I suppose the extra cost involved with all this, will have to go on the cost of the van to be shared out among everybody when they pay more for the motor home, or they could turn round and say no after market article can be fitted on vans.. Either scenario is bonkers and of course a non starter..

Or let the market forces sort it out for themselves, as tow bars have been successfully installed on thousands of motorhome including this make and model through out the world, this is the first time I have heard of a problem of this magnitude, so common sense says, is it the motorhome manufacturer or the installer, if it was the manufacturer and particularly this model and make of this brand of motor home we would be hearing about this kind of problem all the time.

So there is only one more reason for this particular scenario and the reason might be?..

ray.


----------



## sideways

The way things are going there will soon be no aftermarket fitting of anything, it will be standard fit or not at all. Health and safety and other legislations being forced on us all the time is getting(got) out of hand.


----------



## sweetie

To my last motorhome a Burstner Solano I had a towbar fitted by the supplying dealer as part of the deal and this was fitted to the chassis extensions which I did not think was up to the job.
When I took it into a firm close to me to have other work done that also manufacture towbars to fit specific vehicles he could not believe that anyone would fix a towbar to just chassis extensions.
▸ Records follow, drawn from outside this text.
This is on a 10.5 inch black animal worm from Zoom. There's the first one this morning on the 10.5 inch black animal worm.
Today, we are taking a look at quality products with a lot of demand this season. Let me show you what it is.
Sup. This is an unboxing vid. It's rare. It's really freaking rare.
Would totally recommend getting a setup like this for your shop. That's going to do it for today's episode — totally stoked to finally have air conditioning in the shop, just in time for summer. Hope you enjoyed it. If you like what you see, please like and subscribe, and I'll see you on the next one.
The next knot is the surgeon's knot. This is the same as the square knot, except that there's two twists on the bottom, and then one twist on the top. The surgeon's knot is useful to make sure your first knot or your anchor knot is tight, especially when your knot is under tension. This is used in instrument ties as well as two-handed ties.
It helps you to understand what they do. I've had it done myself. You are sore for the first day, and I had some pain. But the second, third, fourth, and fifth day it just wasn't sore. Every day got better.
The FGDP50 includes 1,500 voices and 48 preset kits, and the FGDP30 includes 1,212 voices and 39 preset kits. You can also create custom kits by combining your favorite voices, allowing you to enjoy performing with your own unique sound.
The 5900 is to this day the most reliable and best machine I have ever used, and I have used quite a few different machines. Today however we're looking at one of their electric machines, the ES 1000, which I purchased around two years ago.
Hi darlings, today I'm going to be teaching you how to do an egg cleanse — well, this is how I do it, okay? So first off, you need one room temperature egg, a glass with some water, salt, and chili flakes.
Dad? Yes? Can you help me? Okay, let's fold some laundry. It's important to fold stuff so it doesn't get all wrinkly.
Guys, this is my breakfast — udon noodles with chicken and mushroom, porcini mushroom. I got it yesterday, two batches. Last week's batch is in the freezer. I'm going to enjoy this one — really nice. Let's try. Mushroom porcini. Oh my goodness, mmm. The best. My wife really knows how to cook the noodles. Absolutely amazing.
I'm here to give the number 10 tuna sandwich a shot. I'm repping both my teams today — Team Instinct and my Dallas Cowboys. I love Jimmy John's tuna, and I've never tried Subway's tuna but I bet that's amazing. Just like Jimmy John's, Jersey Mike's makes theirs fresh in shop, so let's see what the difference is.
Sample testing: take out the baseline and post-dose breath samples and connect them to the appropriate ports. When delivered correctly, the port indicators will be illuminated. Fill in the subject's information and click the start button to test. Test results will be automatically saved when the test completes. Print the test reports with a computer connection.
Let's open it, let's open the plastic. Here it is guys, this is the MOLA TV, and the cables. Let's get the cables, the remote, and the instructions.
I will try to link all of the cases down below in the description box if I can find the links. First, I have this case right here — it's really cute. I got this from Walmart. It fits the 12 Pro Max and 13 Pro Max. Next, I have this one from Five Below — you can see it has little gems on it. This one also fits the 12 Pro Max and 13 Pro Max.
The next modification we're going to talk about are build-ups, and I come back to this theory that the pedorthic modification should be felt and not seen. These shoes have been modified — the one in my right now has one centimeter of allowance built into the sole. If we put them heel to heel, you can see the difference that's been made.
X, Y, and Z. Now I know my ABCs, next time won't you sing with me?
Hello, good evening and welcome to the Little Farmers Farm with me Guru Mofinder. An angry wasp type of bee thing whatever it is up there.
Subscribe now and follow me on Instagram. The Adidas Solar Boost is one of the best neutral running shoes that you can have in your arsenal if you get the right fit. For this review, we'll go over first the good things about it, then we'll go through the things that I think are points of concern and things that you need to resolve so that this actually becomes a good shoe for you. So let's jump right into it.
He said he would only make one to fix from the original fiat chassis and did not recommend towing a car the way it was fixed.
Needless to say the towbar was never used to tow the micra that I already only a smaller trailer.


----------



## Rosbotham

My own view is we should probably hold off drawing conclusions until PWS have taken a look at it. They clearly aren't amateurs. The outcome of that could be fascinating.

I'm reasonably certain mine mounted onto the extensions and suffered no flex, but short of going looking at the dealers where it's for sale I won't know.

My previous van...which had no reduction in towing limit vs the base Peugeot chassis numbers...had no suitable extensions hence the towbar mounted directly onto the base chassis. However the _quid pro quo_ of that was it weighed a hell of a lot and had limited noseweight capability because of the leverage onto the mounting bolts.

My mental bet-with-self is that when they take a look, they'll find a fault on the fitment of the chassis extensions to the chassis, which may or may not be down to the towbar. It could, for example, be that the garage has been overloaded and the only relationship to the towbar is that's how MrPlodd noticed what was going on.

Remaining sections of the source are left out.